The foregoing description of the Share Repurchase Agreement does not purport to be complete and is qualified in its entirety by reference to the full text of
the Share Repurchase Agreement, which is incorporated by reference as Exhibit 1 and is incorporated herein by reference.
In connection with the
Repurchase Transaction, the Sellers, Marcato, Marcato International Master Fund, Ltd. and Richard T. McGuire III (collectively, the Marcato Parties) entered into a Confidentiality Agreement, dated October 3, 2016 (the
Confidentiality Agreement), with the Issuer pursuant to which the Issuer provided the Marcato Parties with certain information necessary to evaluate the decision to enter into the Share Repurchase Agreement.

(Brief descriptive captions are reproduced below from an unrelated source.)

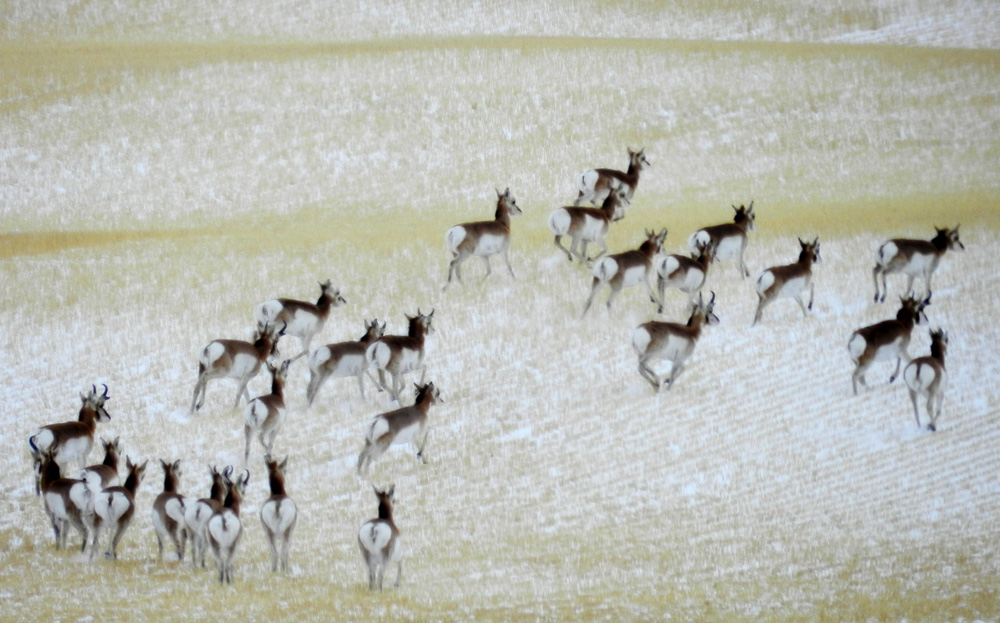 Elfshot Mule Deer and Pronghorn Antelope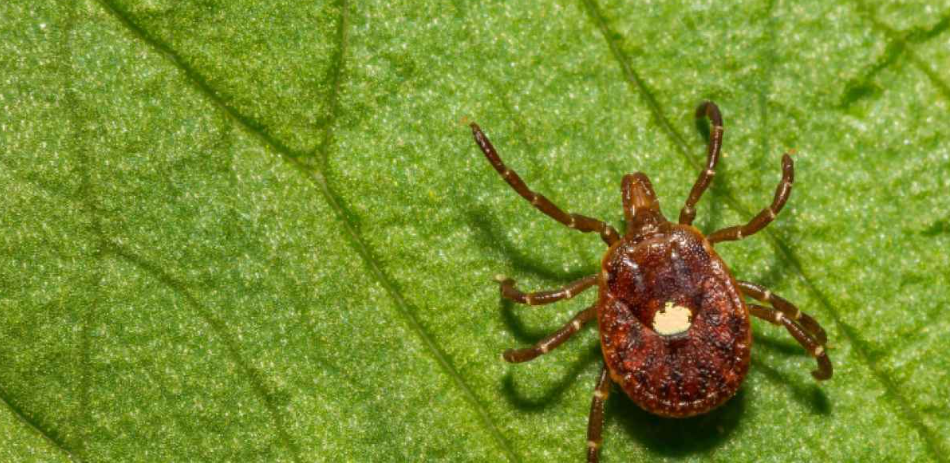 وفاة شاب بسبب "حساسية البرغر" ..  لدغة قرادة تقتل طيارًا أمريكيًا بعد أشهر من الإصابة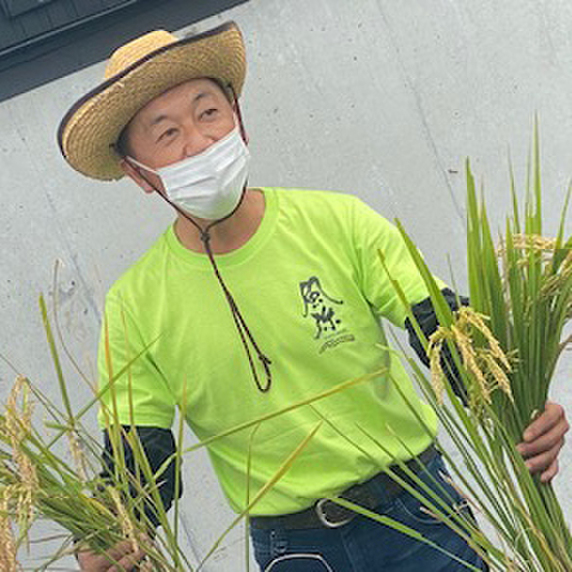 グリーンウィンド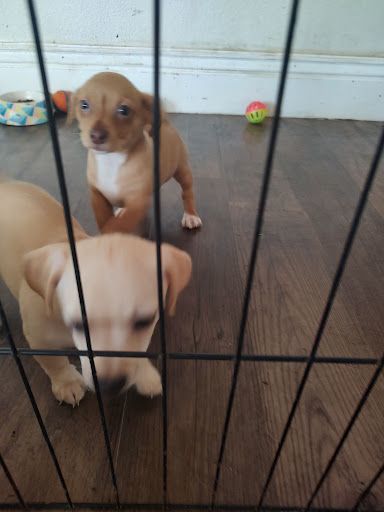 Susie Pup 3, an adoptable Terrier Mix in Coarsegold, CA_image-1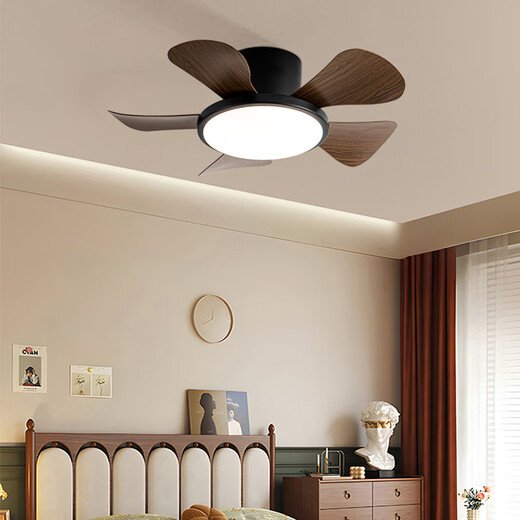 风向标儿童房卧室风扇灯马卡龙小型吊扇灯家用静音过道阳台薄吸顶电扇灯 全光谱小爱29-724A绿+彩色叶吸顶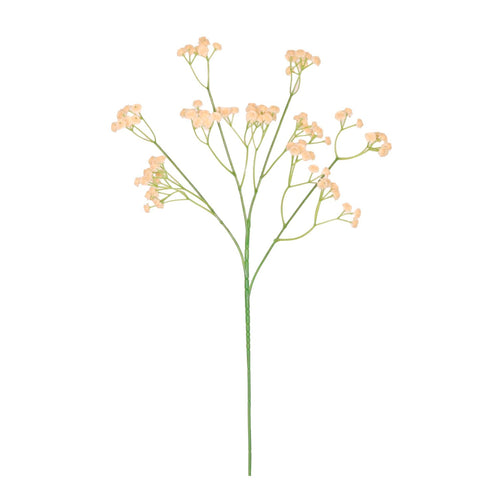 Fluffy Gypsophilia Spray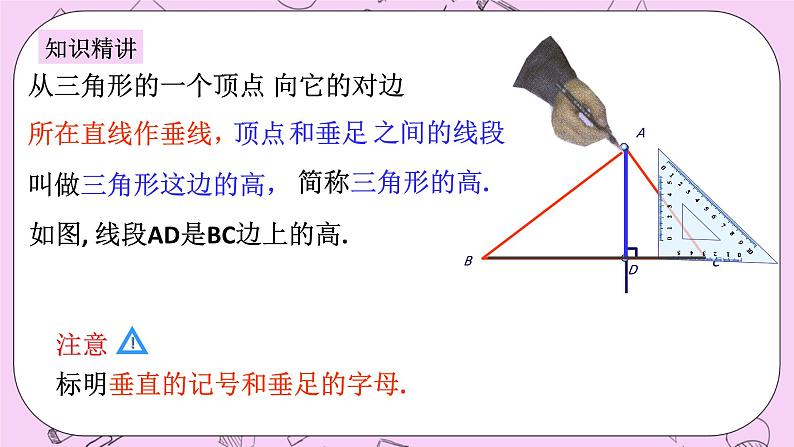 浙教版数学八上 1.1.3 三角形的角平分线、中线、高线 课件第4页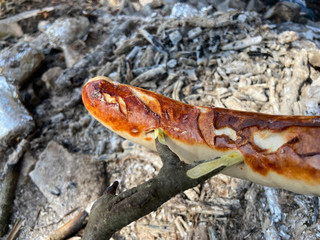 one sausages over an embers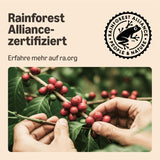 von Amazon Starke Pads, geeignet für Senseo-Maschinen, 36 Stück (1 Packung mit 36 ​​Stück) – Rainforest Alliance-zertifiziert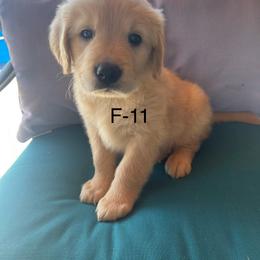 Golden Retriever Puppies from Emily Goetting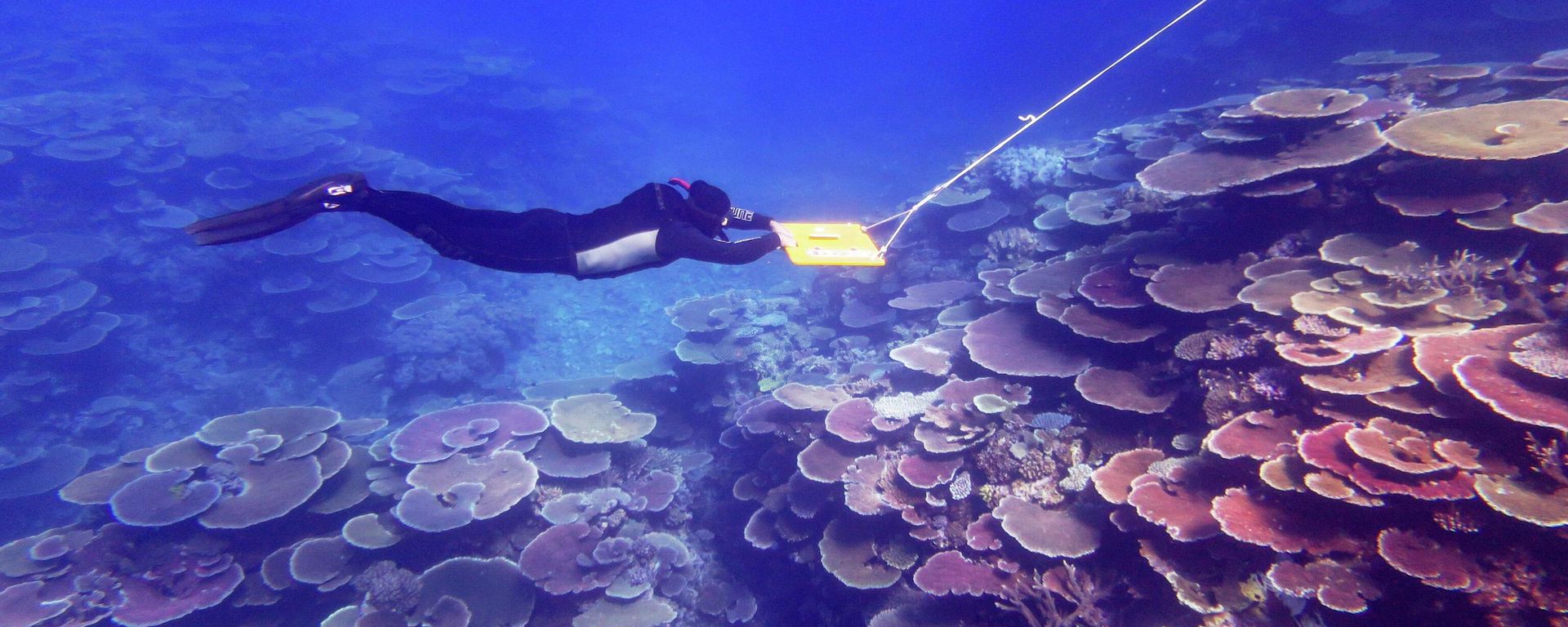 A diver is towed as part of the Great Barrier Reef monitoring program - Sputnik International, 1920, 16.09.2022
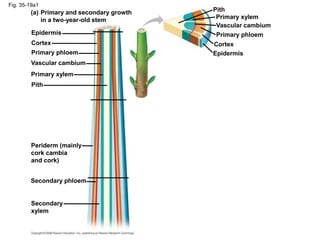 Fig. 35-19a1
Epidermis
Cortex
Primary phloem
Vascular cambium
Primary xylem
Pith
Primary and secondary growth
in a two-year-old stem
(a)
Periderm (mainly
cork cambia
and cork)
Secondary phloem
Secondary
xylem
Epidermis
Cortex
Primary phloem
Vascular cambium
Primary xylem
Pith
 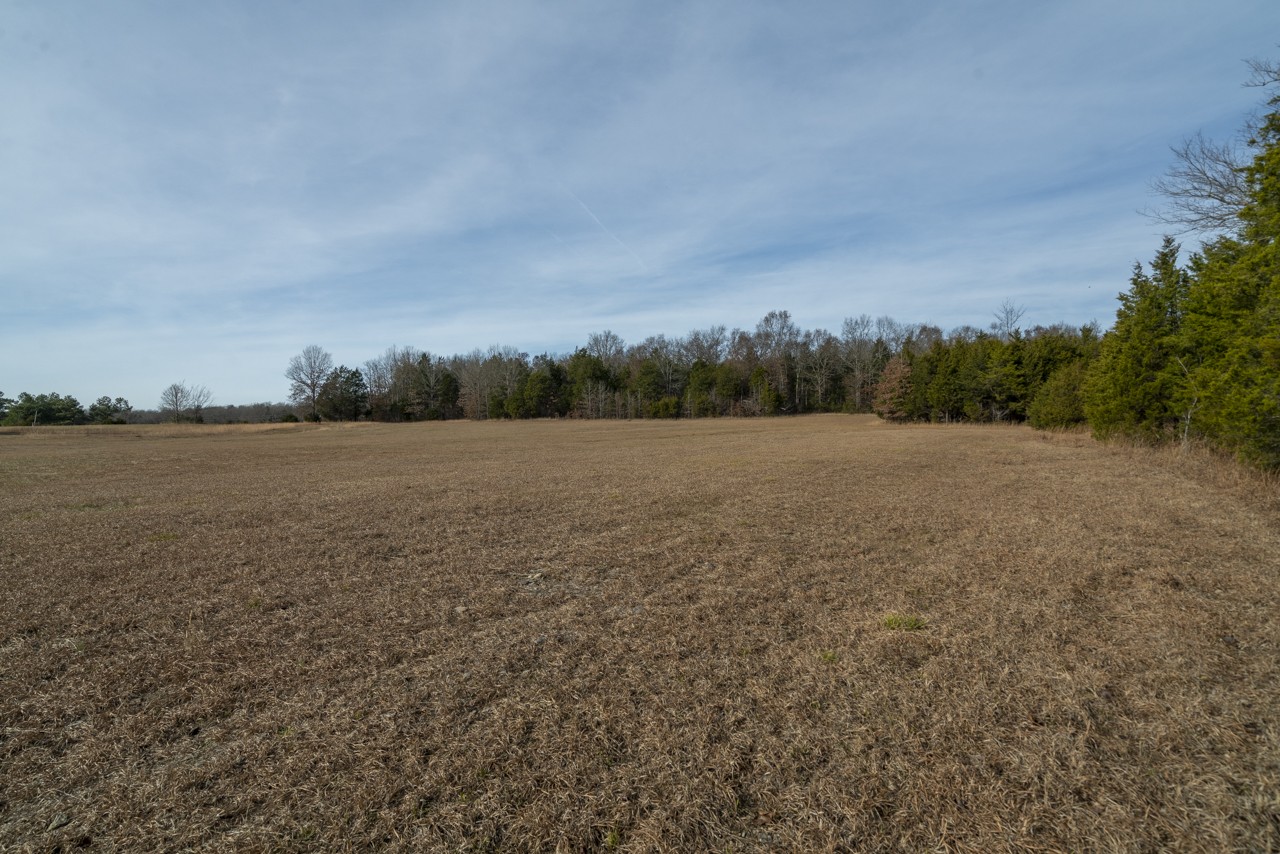 0 Floraton Road Readyville, TN 37149 - Photo 13 of 16 a view of outdoor space and mountain view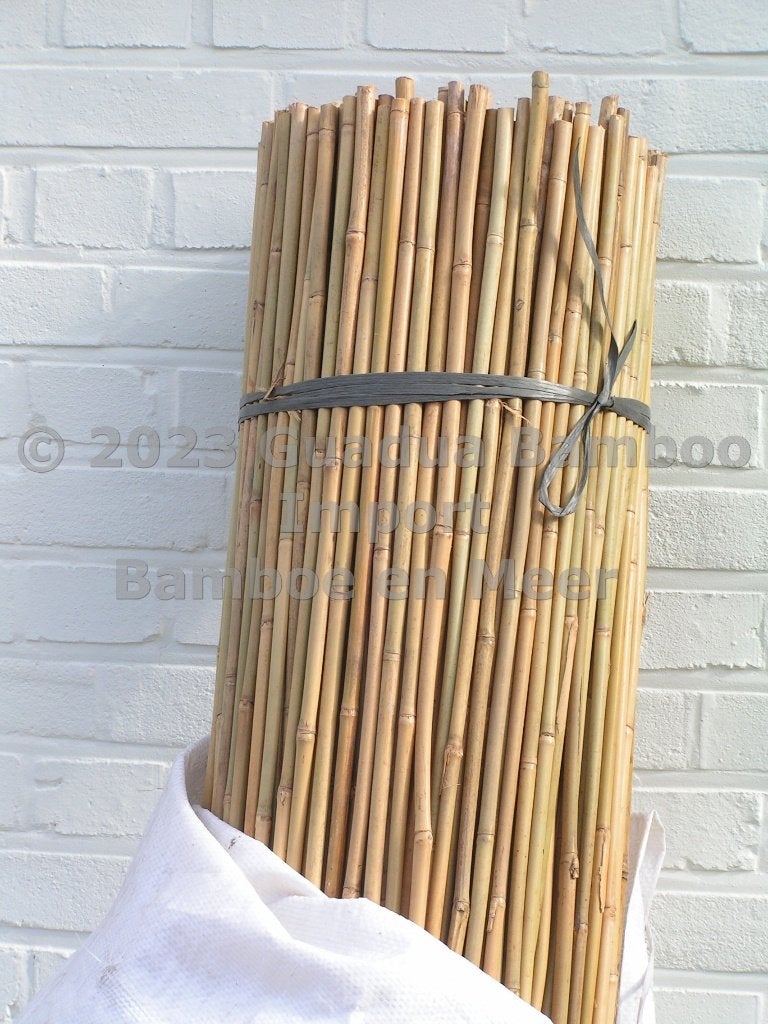 Tonkinstokken bamboestokken bamboe boomsteun plantensteun, Ophalen, Nieuw, 250 cm of meer, Overige typen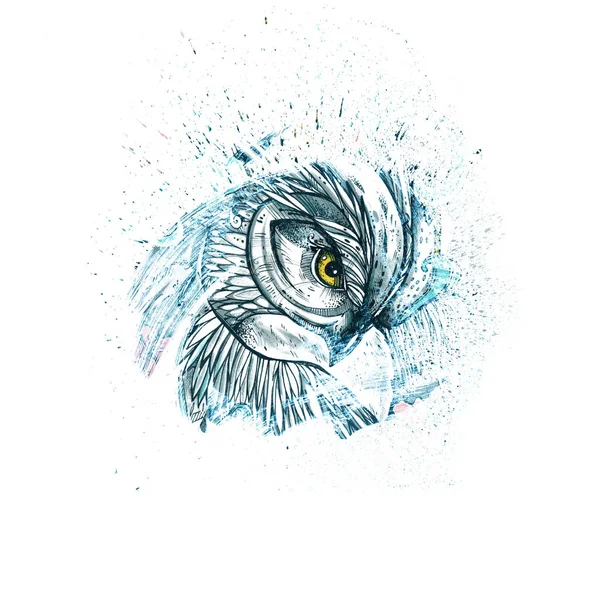 Красивые иллюстрации с сова — стоковое фото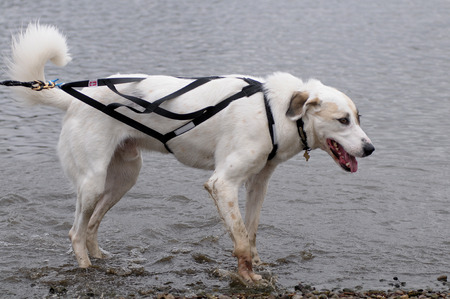 Adult dogの写真素材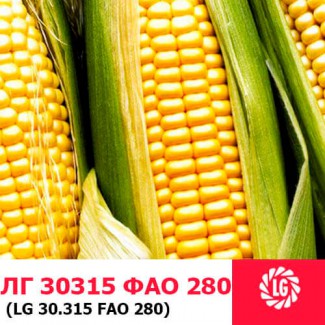 Семена кукурузы ЛГ 30315 ФАО 280 ( LG 30315)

Pursuant to the
Confidentiality Agreement, the Marcato Parties have agreed not to trade in, purchase or sell any securities of the Issuer until two business days after the time the Issuer announces earnings for the third quarter of 2016.
The foregoing description of the Confidentiality Agreement does not purport to be complete and is qualified in its entirety by reference to the full text of
the Confidentiality Agreement, which is incorporated by reference as Exhibit 2 and is incorporated herein by reference.
Item 5. Interest in
Securities of the Issuer.
(a) – (e) As of the date hereof, (i) Marcato and Mr. McGuire may be deemed to be the beneficial
owners of 2,620,048 Shares (the Marcato Shares) constituting 4.9% of the Shares, (ii) Marcato, L.P. may be deemed to be the beneficial owner of 718,616 Shares, constituting 1.4% of the Shares, (iii) Marcato II, L.P. may be
deemed to be the beneficial owner of 71,845 Shares, constituting 0.1% of the Shares and (iv) Marcato International Master Fund, Ltd. may be deemed to be the beneficial owner of 1,829,587 Shares, constituting 3.4% of the Shares, each based upon
a total of 53,084,327 Shares outstanding as of October 4, 2016 (based on disclosure in the Issuers Quarterly Report on Form 10-Q, filed with the SEC on August 8, 2016, and taking into account the Repurchase Transaction).